TradingView indicator that plots ICT IPDA Data Ranges — 20, 40, and 60 trading day lookback periods with equilibrium and Premium/Discount zones.

📅 Added August 1, 2025·🏷️ 3 tags·⏱️ 10 min read

Overview

This indicator plots the ICT IPDA (Interbank Price Delivery Algorithm) Data Ranges — the 20, 40, and 60 trading day lookback periods that ICT identifies as the key reference windows used by the algorithm to target liquidity and imbalances. Each range displays the highest high, lowest low, and equilibrium (50% midpoint) as horizontal reference levels. Optional Premium/Discount zone shading helps identify whether price is trading in the upper or lower half of each range. A real-time summary table shows all three ranges with their high, low, equilibrium, total range size, current position percentage, and Premium/Discount/Equilibrium zone classification.

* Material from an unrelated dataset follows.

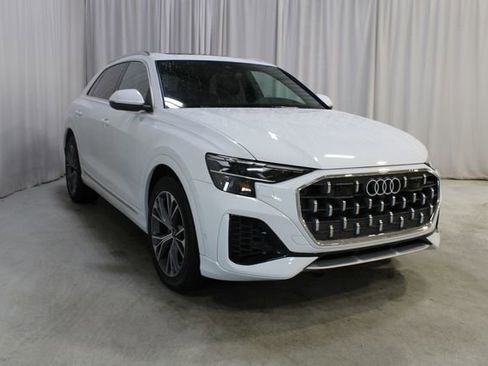 Used 2024 Audi Q8 Prestige w/ Prestige Package AWD/4WD image 38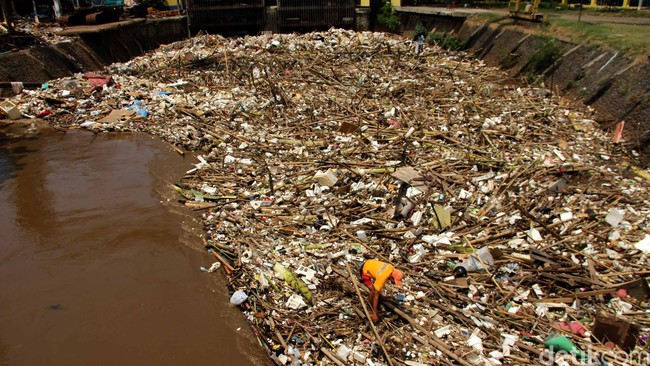 Gubernur Ahok mengatakan pemerintah DKI Jakarta akan membangun pengolahan sampah di pasar-pasar yang ada di ibu kota. Bisa dinyatakan langkah penghematan.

ICT Ipda Data Range - Overview on TradingView

Key Concepts

  • IPDA — Interbank Price Delivery Algorithm — ICT's core theory that price in financial markets is delivered algorithmically, not randomly. The algorithm systematically seeks three targets: (1) Liquidity pools (stop orders above highs / below lows), (2) Imbalances (Fair Value Gaps that need rebalancing), and (3) Institutional levels (Order Blocks). The algorithm references specific lookback periods to identify these targets.
  • IPDA Data Range — The specific lookback periods (20, 40, and 60 trading days) that the algorithm references when identifying targets. Within each data range, the algorithm catalogs all available liquidity pools, FVGs, and order blocks as potential destinations for price delivery. The 20-day range provides immediate short-term targets, the 40-day range provides intermediate targets, and the 60-day range provides major long-term targets.
  • Range High/Low as Draw on Liquidity — The highest high and lowest low within each IPDA data range represent the most significant liquidity pools. Buy-side liquidity accumulates above the range high (buy stops), and sell-side liquidity accumulates below the range low (sell stops). These levels act as the primary "draw on liquidity" — the destinations where price is being algorithmically delivered.
  • Equilibrium (50%) — The midpoint between the range high and low. ICT considers price at equilibrium to be at "fair value" for that lookback period. Price above equilibrium is in the Premium zone (overvalued relative to the range), and price below is in the Discount zone (undervalued). Institutional traders buy in discount and sell in premium.
  • Nested Ranges — The 20-day range nests inside the 40-day range, which nests inside the 60-day range. When all three range highs or lows converge near the same level, that price becomes a very high-probability target. Conversely, when ranges diverge significantly, each provides distinct targets at different scales.

How It Works

1. Daily Data Reference The indicator uses Daily timeframe data by default, regardless of the chart's current timeframe. This is the correct ICT methodology — IPDA Data Ranges reference trading DAYS, not intraday bars. When the "Use Daily Data" option is enabled, the indicator calls the Daily timeframe via request.security() to retrieve the high, low, and close for each trading day. On daily charts, data is used directly without any extra request.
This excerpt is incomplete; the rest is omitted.